* [Task brief] Where the data below contains pictures, omit them; output the rest word for word.

* [Data below]
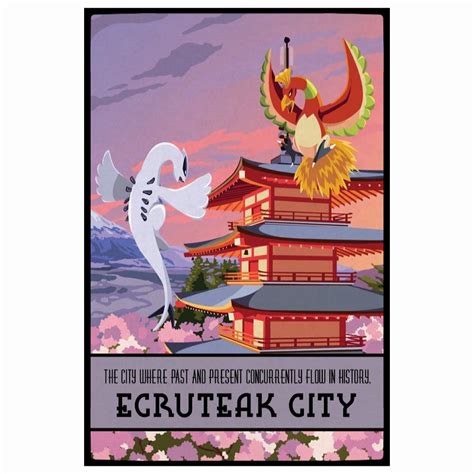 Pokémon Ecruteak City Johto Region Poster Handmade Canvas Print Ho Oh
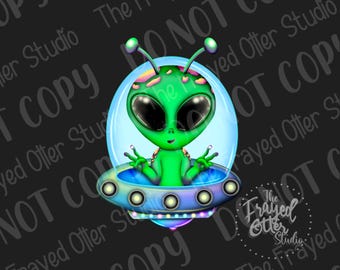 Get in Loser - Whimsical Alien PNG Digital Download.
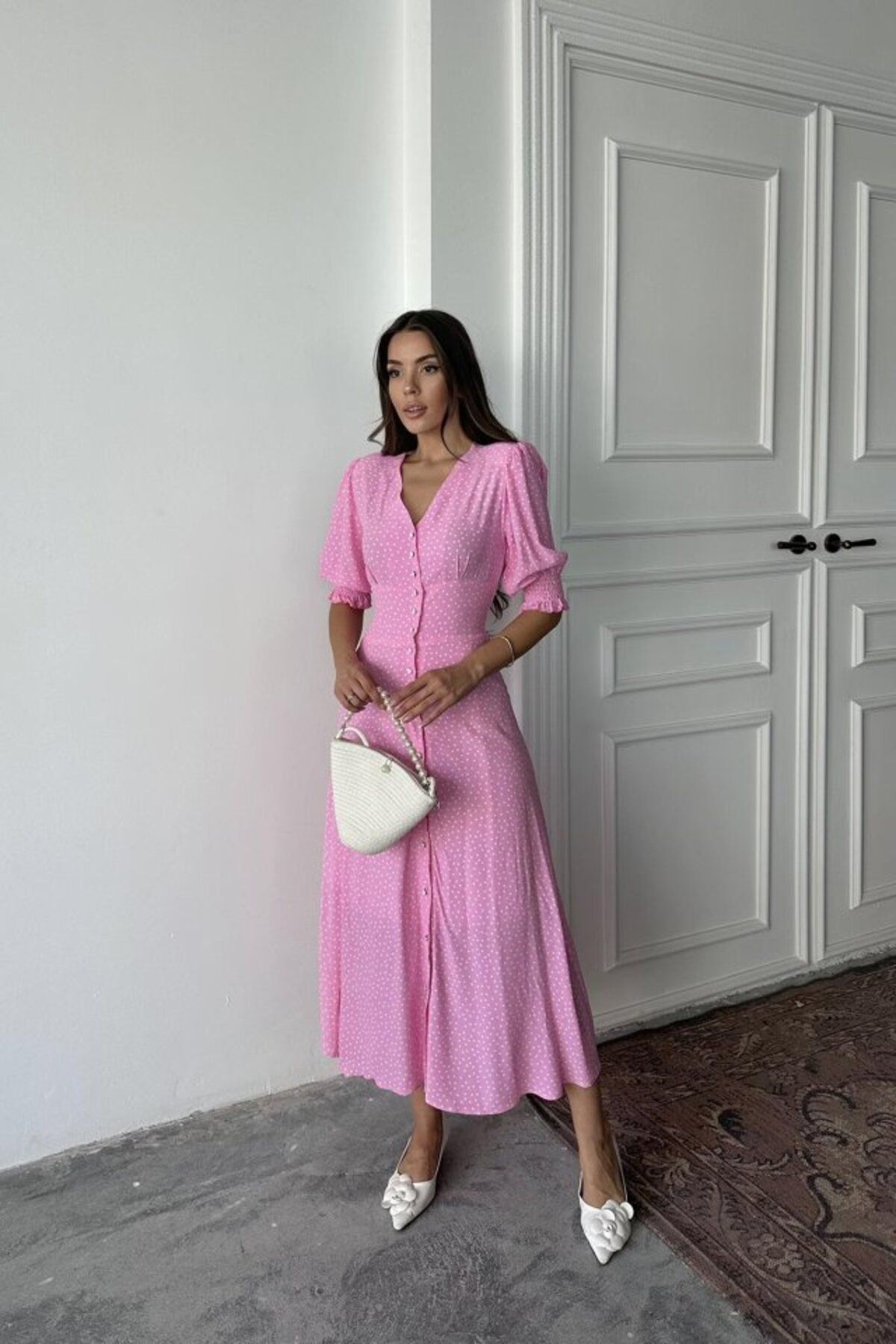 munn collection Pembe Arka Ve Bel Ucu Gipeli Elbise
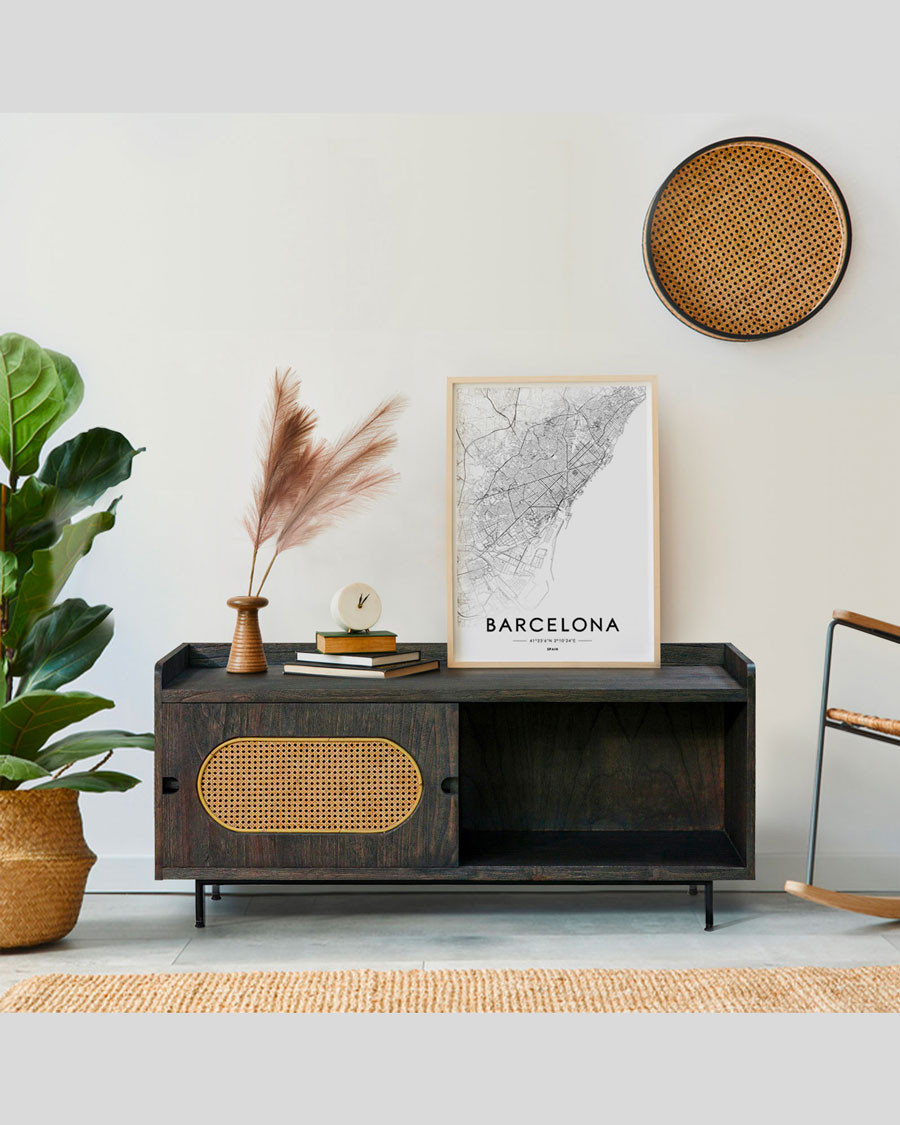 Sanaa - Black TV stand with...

* [Finished task]
 Pokémon Ecruteak City Johto Region Poster Handmade Canvas Print Ho Oh
 Get in Loser - Whimsical Alien PNG Digital Download.
 munn collection Pembe Arka Ve Bel Ucu Gipeli Elbise
 Sanaa - Black TV stand with...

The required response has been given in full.